I open my eyes. Dominic nods once, accepting that.
“He’s never forgiven me for it,” I say. “For not wanting them. They asked him to come to Shearwater years ago, asked him a few times, but he always said no. I think he thought he could change my mind. Then the property burned, and he gave up. He was on the next ship out.” It sounds bad, when I say it like that, and Dom’s expression agrees. I try to explain. “I think he just felt like there was no use staying anymore. He didn’t have anything left.”
“He had you.”
I smile humorlessly. “Cold comfort, I guess.” Having me didn’t turn out to be enough for Hank. “We didn’t break up,” I clarify.
“And then you came all the way here for him on a flimsy private boat.” Dom sounds perplexed, almost angry.
“He asked for my help,” I admit. “He said he was in danger.”
Dominic frowns. I can see his mind working this through. Then he says, “I think he was. Inside him, I think he was.”
“Why didn’t anyone help him?”
“We tried. We gathered around, I promise we did. But there was no way to call for help and we were in over our heads and he didn’t want our help. He was furious. He wanted to destroy things.”
“But he only ever wanted to plant things,” I say. It is so broad, the distance between the man I know and the man he became while he was here. It is so sad.
But that’s not the full truth, is it? He plants things but sometimes I glimpse that tiny seed of nastiness within. It appears only in brief flashes, the lightning outside and then gone, hidden behind the charm, the friendliness, the laughter-but it is there. His selfishness. An ego so fragile, he takes hits to it poorly. Which is why I don’t think we’ll survive what I’ve done.
“Did you and Hank have a plan for after Shearwater?” Dom asks me.
I shake my head. “He couldn’t talk about after.”
“But in your mind, there is an after, for the two of you?”
A flash of his face in lightning. I say, “I don’t need to explain to you what a marriage means.”
“No,” Dom concedes. Then he says, “But they do end. I can tell you with great certainty that they do end.”
“Do they?” I ask. “Yours hasn’t.”
He is startled, I think.
“Let’s not pretend,” I say, “that I’m the only one here being pulled in another direction.”
Dominic and I fall asleep where we are, curled in our blankets. I listen to his breathing. As I drift off, I am locking doors, building firmer barricades. But he wakes me in the early morning with a soft question, the sound of which could almost be a dream.

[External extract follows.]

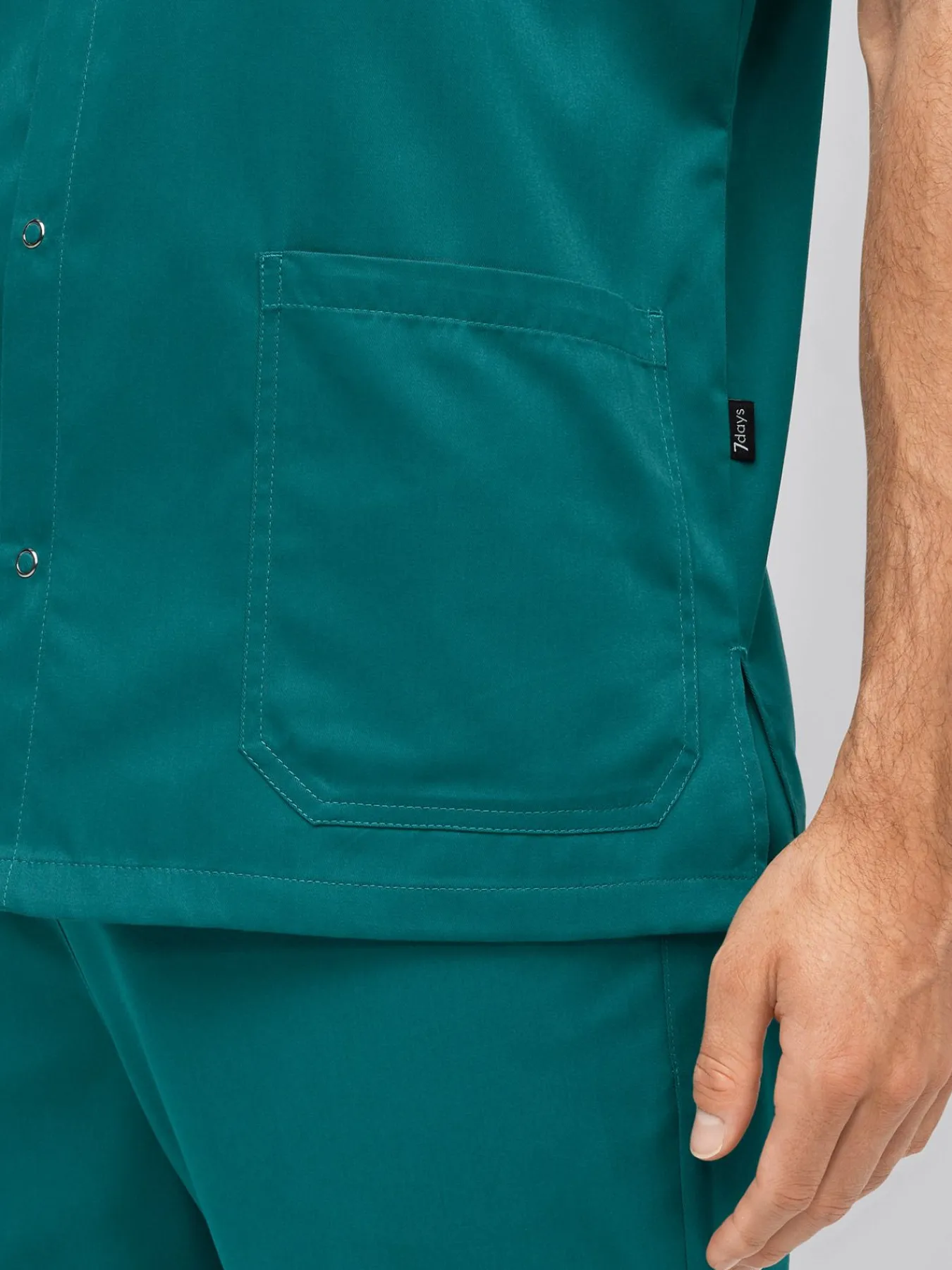 Best Kasack ARNES mit Druckknopfleiste Herren Kasacks Mit Verschluss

“Could there be an after for the five of us?”
Dominic
There is a bad day ahead. No avoiding it. When the ship comes for us, she is going to know the truth. I don’t know what it will do to her or make of us, but I understand what it means to lose someone suddenly, I know how words unspoken can be a poison within, so if I am to lose someone slowly I will make sure there is nothing unsaid.
I do not want to leave this place, but I would do it for you, I would do it with you, if that is something you might want.